MMR’s slime body characterizations and locomotion tests. (A) G′ and G″ for raw gluten, modified gluten, and magnetic modified gluten; G′ and G″ for magnetic putty, magnetic cornstarch, and magnetic modified gluten. (B) Robot terrestrial LINEAR locomotion image (5–9, fin rowing backward; 1–5, fin rowing forward; 1–9, one stride length; B∼45.9 mT). (C) Robot turning right process on terrestrial locomotion (B∼57.3 mT). MMR, magnetic mudskipper robot.

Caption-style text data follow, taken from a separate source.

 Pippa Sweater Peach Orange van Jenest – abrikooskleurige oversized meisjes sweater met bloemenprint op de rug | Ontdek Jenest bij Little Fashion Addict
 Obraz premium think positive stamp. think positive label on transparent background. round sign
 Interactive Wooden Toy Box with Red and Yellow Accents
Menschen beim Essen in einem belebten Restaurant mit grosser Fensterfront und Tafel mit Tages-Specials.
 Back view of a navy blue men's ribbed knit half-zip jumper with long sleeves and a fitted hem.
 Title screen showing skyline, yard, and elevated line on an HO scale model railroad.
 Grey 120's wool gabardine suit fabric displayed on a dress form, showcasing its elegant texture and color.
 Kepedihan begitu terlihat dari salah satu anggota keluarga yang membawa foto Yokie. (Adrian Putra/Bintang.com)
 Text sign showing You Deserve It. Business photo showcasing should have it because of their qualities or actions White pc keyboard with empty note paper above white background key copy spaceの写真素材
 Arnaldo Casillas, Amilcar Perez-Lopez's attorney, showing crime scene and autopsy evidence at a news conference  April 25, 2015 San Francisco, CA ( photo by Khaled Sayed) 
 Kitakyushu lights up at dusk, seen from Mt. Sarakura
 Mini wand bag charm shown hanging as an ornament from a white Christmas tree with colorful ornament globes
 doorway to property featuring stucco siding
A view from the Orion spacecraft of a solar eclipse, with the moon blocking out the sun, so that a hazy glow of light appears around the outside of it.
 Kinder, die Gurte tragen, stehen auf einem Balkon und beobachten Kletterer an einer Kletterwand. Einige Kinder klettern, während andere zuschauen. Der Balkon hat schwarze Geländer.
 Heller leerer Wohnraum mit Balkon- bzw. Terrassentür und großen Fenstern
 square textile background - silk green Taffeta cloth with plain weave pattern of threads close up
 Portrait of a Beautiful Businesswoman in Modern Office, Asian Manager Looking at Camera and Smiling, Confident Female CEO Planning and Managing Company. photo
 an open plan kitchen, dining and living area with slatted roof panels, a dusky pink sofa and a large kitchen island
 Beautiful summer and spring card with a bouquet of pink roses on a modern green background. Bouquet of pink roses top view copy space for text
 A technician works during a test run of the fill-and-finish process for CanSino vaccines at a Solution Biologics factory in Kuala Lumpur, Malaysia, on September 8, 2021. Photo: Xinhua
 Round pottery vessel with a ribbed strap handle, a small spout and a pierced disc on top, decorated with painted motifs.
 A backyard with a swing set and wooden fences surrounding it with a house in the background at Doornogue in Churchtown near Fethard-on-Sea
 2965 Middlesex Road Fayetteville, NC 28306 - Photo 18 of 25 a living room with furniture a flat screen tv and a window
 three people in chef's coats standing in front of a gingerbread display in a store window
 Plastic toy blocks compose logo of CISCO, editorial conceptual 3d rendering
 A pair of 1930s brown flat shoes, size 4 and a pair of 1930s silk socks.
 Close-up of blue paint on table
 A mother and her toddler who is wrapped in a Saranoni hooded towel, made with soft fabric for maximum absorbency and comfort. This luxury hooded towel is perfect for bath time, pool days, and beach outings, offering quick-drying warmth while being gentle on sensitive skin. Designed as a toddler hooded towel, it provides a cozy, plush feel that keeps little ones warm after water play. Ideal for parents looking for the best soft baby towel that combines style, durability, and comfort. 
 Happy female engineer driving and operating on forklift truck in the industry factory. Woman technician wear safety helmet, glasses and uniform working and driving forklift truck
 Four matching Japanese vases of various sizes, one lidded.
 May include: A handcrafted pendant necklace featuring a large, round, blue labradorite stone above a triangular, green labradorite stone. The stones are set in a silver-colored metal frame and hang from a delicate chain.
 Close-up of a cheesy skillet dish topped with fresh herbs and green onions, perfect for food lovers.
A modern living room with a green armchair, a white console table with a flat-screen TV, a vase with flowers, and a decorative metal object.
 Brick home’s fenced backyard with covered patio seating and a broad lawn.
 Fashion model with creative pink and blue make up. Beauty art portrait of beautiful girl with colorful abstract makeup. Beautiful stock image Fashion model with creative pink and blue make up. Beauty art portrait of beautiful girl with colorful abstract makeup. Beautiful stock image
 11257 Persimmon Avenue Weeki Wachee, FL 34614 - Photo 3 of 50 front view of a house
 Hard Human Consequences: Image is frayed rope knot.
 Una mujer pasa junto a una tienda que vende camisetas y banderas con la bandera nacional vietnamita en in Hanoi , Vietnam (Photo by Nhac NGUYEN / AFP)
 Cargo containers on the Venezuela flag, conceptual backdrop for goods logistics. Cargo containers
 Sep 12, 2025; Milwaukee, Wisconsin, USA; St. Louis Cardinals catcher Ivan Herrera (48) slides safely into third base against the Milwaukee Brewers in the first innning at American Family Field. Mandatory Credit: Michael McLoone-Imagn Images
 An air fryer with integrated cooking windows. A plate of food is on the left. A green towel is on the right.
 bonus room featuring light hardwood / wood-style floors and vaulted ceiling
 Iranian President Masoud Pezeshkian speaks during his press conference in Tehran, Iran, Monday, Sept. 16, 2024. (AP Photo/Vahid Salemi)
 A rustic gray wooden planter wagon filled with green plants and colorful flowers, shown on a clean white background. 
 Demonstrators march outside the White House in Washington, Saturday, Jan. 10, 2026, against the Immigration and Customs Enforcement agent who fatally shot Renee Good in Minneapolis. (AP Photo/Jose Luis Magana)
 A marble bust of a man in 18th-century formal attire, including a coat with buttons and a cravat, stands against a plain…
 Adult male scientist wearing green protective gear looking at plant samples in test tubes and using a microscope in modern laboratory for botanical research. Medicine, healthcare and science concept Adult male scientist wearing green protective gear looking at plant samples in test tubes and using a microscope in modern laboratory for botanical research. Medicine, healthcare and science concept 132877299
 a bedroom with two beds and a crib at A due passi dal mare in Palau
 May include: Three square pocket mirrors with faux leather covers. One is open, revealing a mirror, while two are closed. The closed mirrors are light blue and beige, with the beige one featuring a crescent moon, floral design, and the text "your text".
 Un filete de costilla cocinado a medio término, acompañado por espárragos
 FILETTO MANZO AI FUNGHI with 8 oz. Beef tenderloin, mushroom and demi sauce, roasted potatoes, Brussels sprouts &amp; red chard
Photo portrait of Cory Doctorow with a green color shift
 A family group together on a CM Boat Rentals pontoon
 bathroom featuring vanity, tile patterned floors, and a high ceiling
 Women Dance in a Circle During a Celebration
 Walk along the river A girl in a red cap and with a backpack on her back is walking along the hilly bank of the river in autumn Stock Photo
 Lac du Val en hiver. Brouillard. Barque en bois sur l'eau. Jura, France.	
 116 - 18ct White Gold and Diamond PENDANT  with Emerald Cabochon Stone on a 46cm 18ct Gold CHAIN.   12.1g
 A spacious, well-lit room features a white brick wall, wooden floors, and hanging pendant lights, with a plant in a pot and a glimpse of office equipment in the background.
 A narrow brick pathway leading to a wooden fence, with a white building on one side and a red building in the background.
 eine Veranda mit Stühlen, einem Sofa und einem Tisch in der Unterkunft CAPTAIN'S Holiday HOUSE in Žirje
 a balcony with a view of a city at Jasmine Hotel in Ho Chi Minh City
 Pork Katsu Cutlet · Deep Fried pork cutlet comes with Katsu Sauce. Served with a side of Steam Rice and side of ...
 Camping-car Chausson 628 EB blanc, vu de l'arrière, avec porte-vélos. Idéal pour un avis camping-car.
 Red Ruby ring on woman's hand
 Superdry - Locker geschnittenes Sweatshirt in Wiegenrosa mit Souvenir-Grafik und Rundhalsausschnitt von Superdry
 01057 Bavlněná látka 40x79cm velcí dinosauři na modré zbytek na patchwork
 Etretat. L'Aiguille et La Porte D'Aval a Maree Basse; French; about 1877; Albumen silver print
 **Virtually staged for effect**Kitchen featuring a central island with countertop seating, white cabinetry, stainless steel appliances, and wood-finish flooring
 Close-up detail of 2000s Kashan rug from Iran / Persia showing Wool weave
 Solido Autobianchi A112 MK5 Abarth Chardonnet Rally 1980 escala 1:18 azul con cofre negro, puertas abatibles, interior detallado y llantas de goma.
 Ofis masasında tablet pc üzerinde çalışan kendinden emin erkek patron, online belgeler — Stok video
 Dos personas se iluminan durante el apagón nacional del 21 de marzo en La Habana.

Terrestrial locomotion for MMR

The MMR was tested in a laboratory-created damp terrestrial substrate (acrylic plane spread with a layer of water) first. The results demonstrated that the robot’s linear motion can be controlled though an external rotating magnetic field, generated by a singular rotating permanent magnet. The interactions between driven parts in the fin and external magnetic field induce the rowing motion of the artificial pectoral fin. During one magnetic field rotation cycle, the artificial pectoral fin performed the rowing cycle, as shown in Figure 1C (Fig. 2B and Supplementary Table S2). When the driven parts were attracted by an external magnetic field, the fin contracted forward, creating a propulsion tendency for the robot. During half of the rotation cycle, the fin underwent backward rowing motion, transitioning from being fixed at a rowing center to completing one stride movement (Fig. 2B, 6–9). Subsequently, as the external magnetic field repelled the driven components in the subsequent half of the driving magnet’s rotation cycle, the fin pivoted backward while being rowed forward and adjusted the orientation of the fin tips to locate the next rowing center (Fig. 2B, 1–5). Notably, this adjustment occurred in situ, as the fin tips remain detached from the substrate. Through continuous alternation between these two states, the MMR was propelled forward. Directional turning occurred when magnetic field asymmetry influenced both sides of the fin. One side of the fin cycled through these two states more rapidly, while the slime body was subjected to changes in locomotion direction induced by variations in the external magnetic field, causing it to bend (Fig. 2C, Supplementary Video SV2, and Supplementary Table S2). Through varying the diameter of the artificial pectoral fin unit, the stride length can be alternated. The mechanism for calculating ideal MMR locomotion stride length is illustrated in Figure 3A and Supplementary Video SV3. The initial status is defined as the rowing center where the artificial pectoral fin is located (Fig. 2B, 6). Through half of the rotating magnetic field actuation, the fin comes into contact with the substrate and advances the MMR body forward. Hence, the ideal stride length can be defined as the diameter of the artificial pectoral fin unit. The ideal locomotion displacement S can be calculated by the following equation: $S = n * D_{0}$

FIG. 3.

MMR’s amphibious locomotion stride length experiments. (A). Locomotion model for calculating one stride length (B). MMR stride length relationship and hysteresis magnetic response study series (tested parameters: [a] MMR fin unit diameter, [b] MMR body friction, [c] external magnet rotation speed, [d] mass od MMR slime body, [e] mass percentage of iron particles of MMR, [f-] locomotion substrate and external magnetic field).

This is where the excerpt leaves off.